Key Experimental Results¶
Main Results¶
Multi-person body-only benchmarks (MPJPE on 3DPW / PCK3D on MuPoTs):
| Method | 3DPW PA-MPJPE↓ | MuPoTs PCK3D↑ | CMU MPJPE↓ |
|---|---|---|---|
| ROMP | 47.3 | 69.9 | 108.1 |
| BEV | 46.9 | 70.2 | 105.3 |
| PSVT | 45.7 | - | 97.7 |
| Multi-HMR-448 | 43.8 | 80.6 | - |
| Multi-HMR | 41.7 | 85.0 | 82.8 |
Whole-body benchmark EHF (PVE-All / PVE-Hands):
| Method | PVE-All↓ | PA-PVE-All↓ | PVE-Hands↓ |
|---|---|---|---|
| Hand4Whole | 76.8 | 50.3 | 39.8 |
| OSX | 70.8 | 48.7 | 53.7 |
| Multi-HMR | 44.2 | 32.7 | 36.4 |
Ablation Study¶
| Configuration | MuPoTs PCK3D↑ | 3DPW MPJPE↓ | EHF PVE↓ | Notes |
|---|---|---|---|---|
| HRNet + Reg | 65.8 | 83.2 | 143.1 | CNN backbone + iterative regression |
| ViT-S + Reg | 70.1 | 80.2 | 90.6 | ViT backbone + iterative regression |
| ViT-S + HPH | 70.9 | 80.1 | 80.1 | ViT backbone + HPH |
| ViT-B + HPH | 76.3 | 73.5 | 55.3 | Larger backbone |
| +CUFFS | 76.0 | 72.9 | 49.8 | Significant hand improvement |
Key Findings¶
- The ViT backbone significantly outperforms HRNet with comparable parameters (EHF PVE drops from 143.1 to 90.6). The global attention of ViT is crucial for whole-body prediction.

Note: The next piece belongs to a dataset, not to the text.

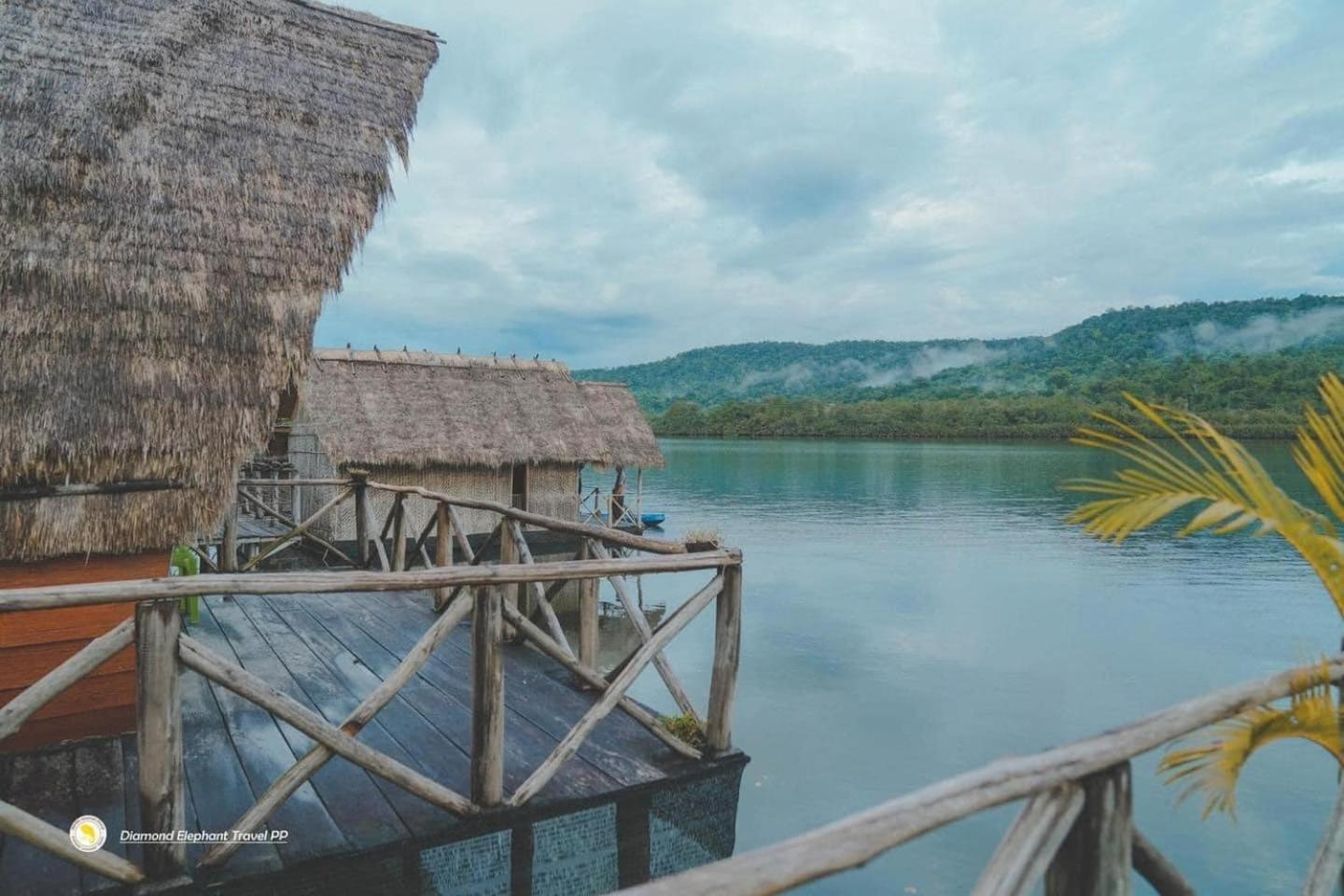 Vila The Floating House Krŏng Kaôh Kŏng Exteriér fotografie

- HPH converges faster and performs better than iterative regressors, with self-attention among queries also positively contributing.

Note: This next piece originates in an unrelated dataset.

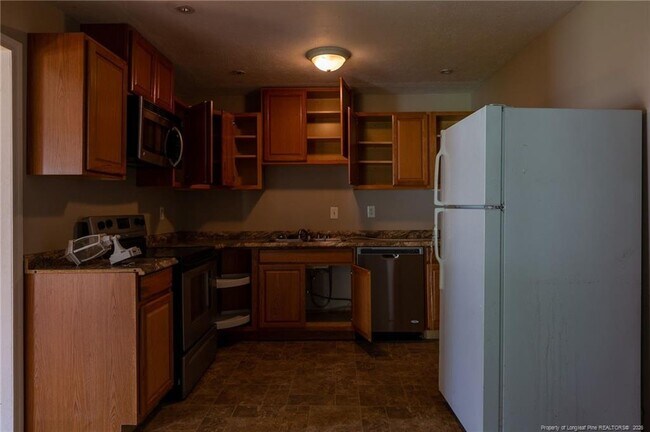 Building Photo - 202 Murray Fork Dr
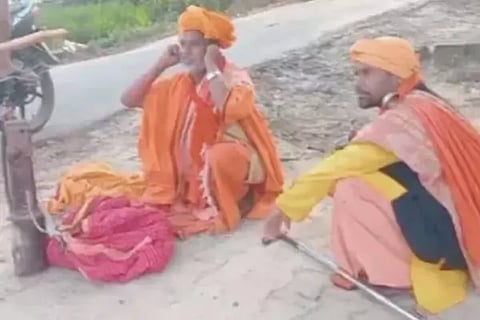 Hindu monks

- The CUFFS dataset mainly improves hand metrics (EHF-H drops from 47.4 to 40.5), while having minimal effect on other metrics.
- DINOv2 pretraining consistently outperforms other pretraining schemes and yields much faster convergence.

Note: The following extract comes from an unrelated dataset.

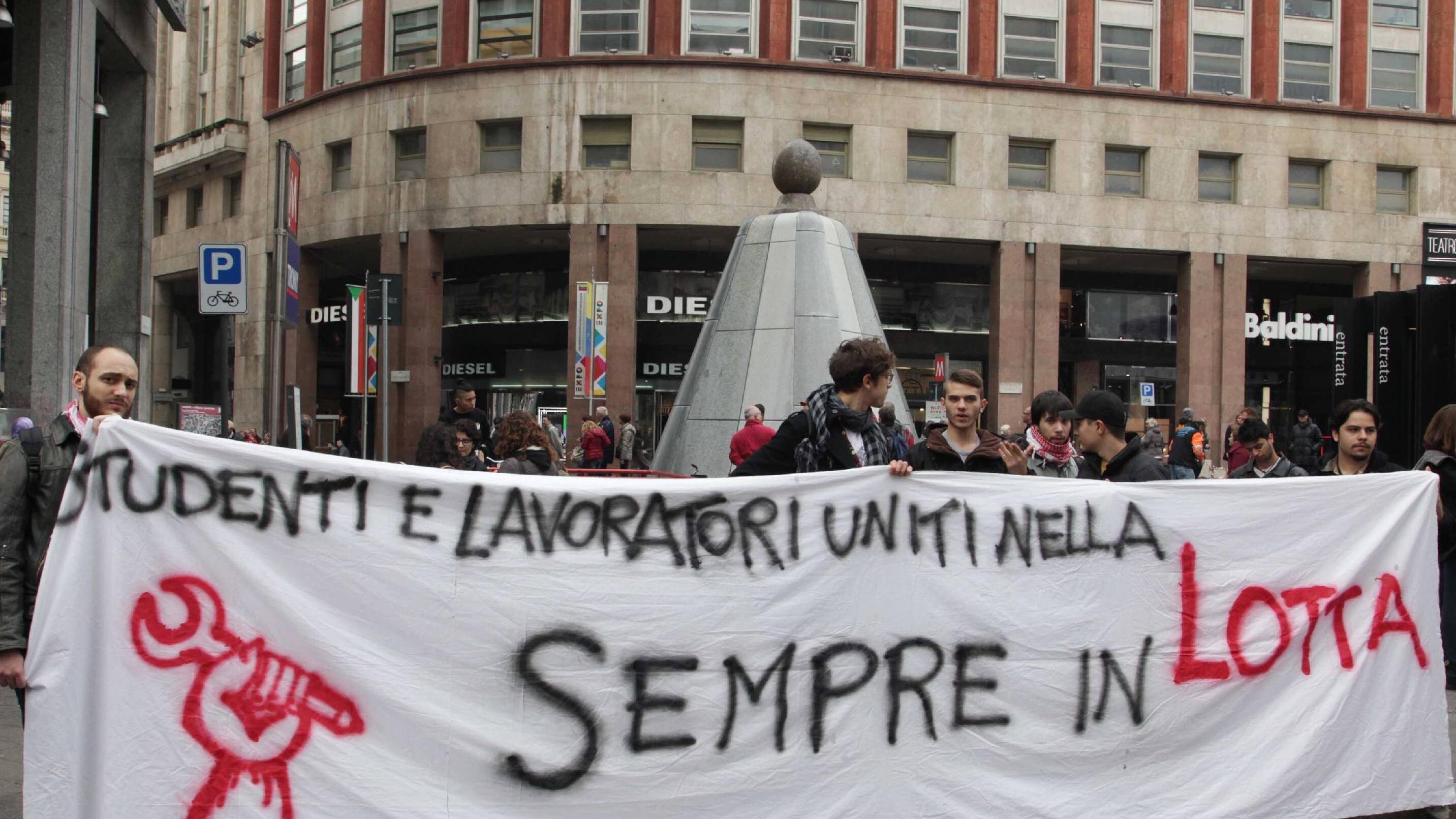 Autonomi liberi di picchiare E i compagni? Muti o contenti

- Even ViT-S at \(448\times 448\) resolution remains competitive (achieving real-time performance at 30 fps).
Highlights & Insights¶
- Four-in-one Unified Framework: Achieving multi-person, whole-body, camera-space, and camera-aware capabilities simultaneously within a single model for the first time.
- Impacting Performance of Synthetic Data: Pure synthetic training outperforms training mixed with real data, which challenges the intuition that "real data is always necessary."
- ViT + Single-Shot = Winner: The standard ViT architecture directly benefits from advancements in self-supervised pretraining.
- Simple and Effective HPH Design: Adding a simple two-layer cross-attention mechanism significantly outperforms complex multi-stage pipelines.
Limitations & Future Work¶
- Patch-level detection limits performance in dense crowd scenes (where two person centers within the same patch would collide).
- Detection is difficult when the head is occluded (since the head is used as the primary root joint).
- Hand and facial estimation for distant persons still has room for improvement.
- The kinematic tree joint rotation representation of SMPL-X can lead to error accumulation in end effectors.
- Multi-query per patch schemes can be explored to handle crowded scenarios.
Related Work & Insights¶
- ROMP/BEV: Single-shot multi-person methods using HRNet backbones for body-only recovery.
- OSX: Single-person whole-body method using a ViT but relying on keypoint-guided high-resolution feature resampling.
- BEDLAM: Demonstrated that purely synthetic data can be used to train SOTA models.
- Related Work & Insights: A simple architecture (ViT + cross-attention) combined with appropriate synthetic data can outperform complex multi-stage pipelines.
Rating¶
- Novelty: ⭐⭐⭐⭐ The first four-in-one unified framework; the CUFFS dataset is cleverly designed.
- Experimental Thoroughness: ⭐⭐⭐⭐⭐ Covers 6+ evaluation benchmarks with comprehensive ablations (architecture, data, losses, cameras, and resolutions).
- Writing Quality: ⭐⭐⭐⭐ Structure is clear with detailed experimental setups.
- Value: ⭐⭐⭐⭐ Highly practical, open-source code, and promotes the democratization of multi-person whole-body HMR.